Cette protestation limitée n’a cependant pas perturbé la visite royale. Dans un discours prononcé samedi à Tunis devant l’Assemblée nationale constituante, Mohammed VI a surtout mis l’accent sur l’Union du Maghreb arabe (UMA), organisation politique et économique formée en 1989 par les cinq pays du Maghreb (Algérie, Libye, Maroc, Mauritanie et Tunisie) mais restée depuis lors dans les cartons du fait du différend algéro-marocain sur le Sahara occidental. Ce « blocage regrettable, a souligné le roi, fait obstacle à l’exploitation optimale des richesses et des potentialités que recèlent les pays maghrebins.

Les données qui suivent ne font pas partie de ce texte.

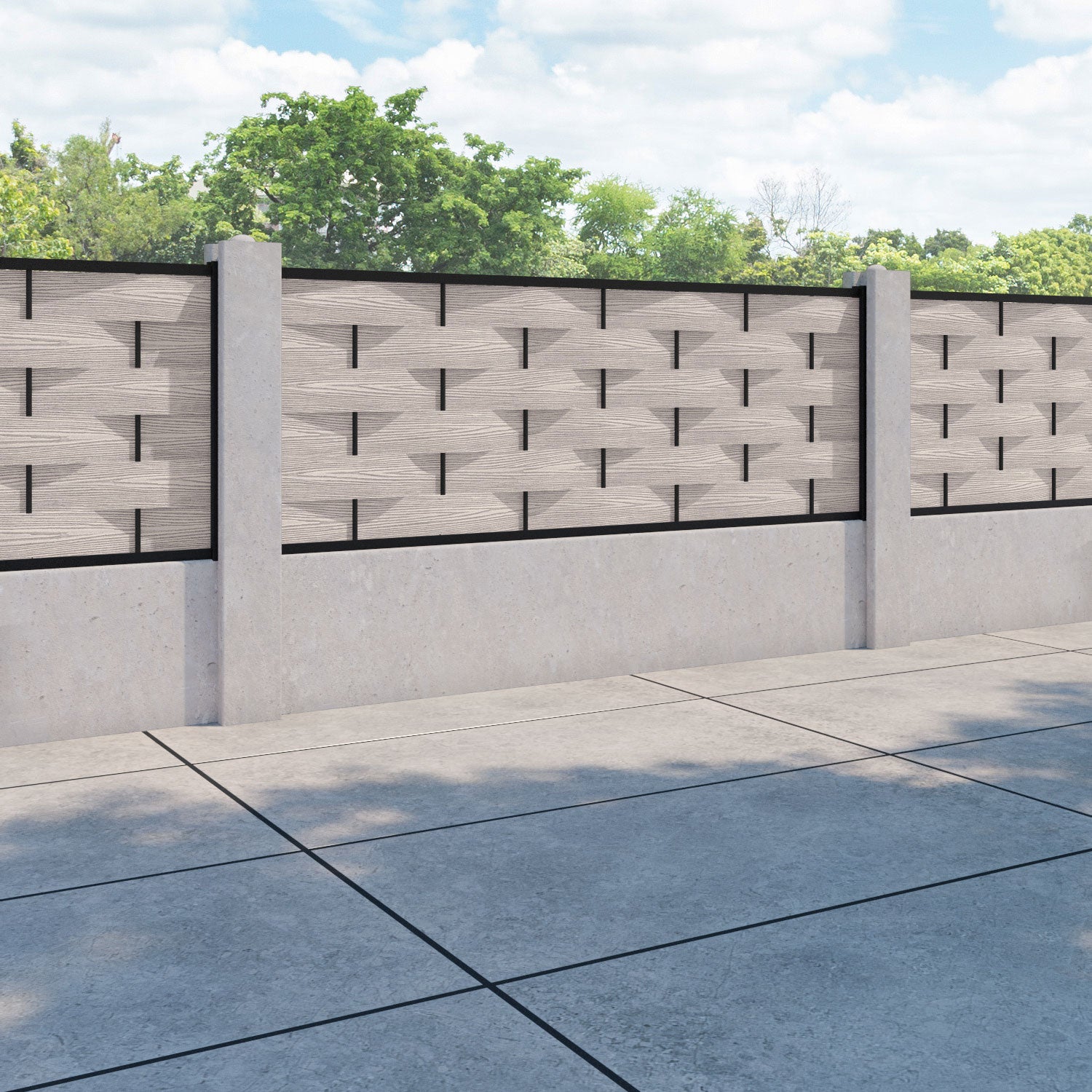 Ripple Fence Panel - Mid Stone - for existing concrete posts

Pis encore, il hypothèque l’avenir de notre région. »

L’UMA, a-t-il poursuivi, « n’est plus un choix facultatif ou un luxe politique (…), elle est devenue une revendication populaire pressante ». En froid avec l’Algérie, le Maroc cherche à consolider sa position dans la région. Vingt-trois accords de coopération ont été signés avec la Tunisie dans des domaines aussi variés que les énergies renouvelables, les marchés financiers ou la sécurité. A l’issue de ses entretiens avec le président Marzouki et le premier ministre Mehdi Jomaa, le roi a également reçu la veuve et le fils du syndicaliste Farhat Hached, une figure de l’indépendance tunisienne assassinée en 1952, ainsi Béji Caïd Essebsi, chef du file du parti Nidaa Tounès. Aucune rencontre n’avait été prévue avec les islamistes du parti Ennhada.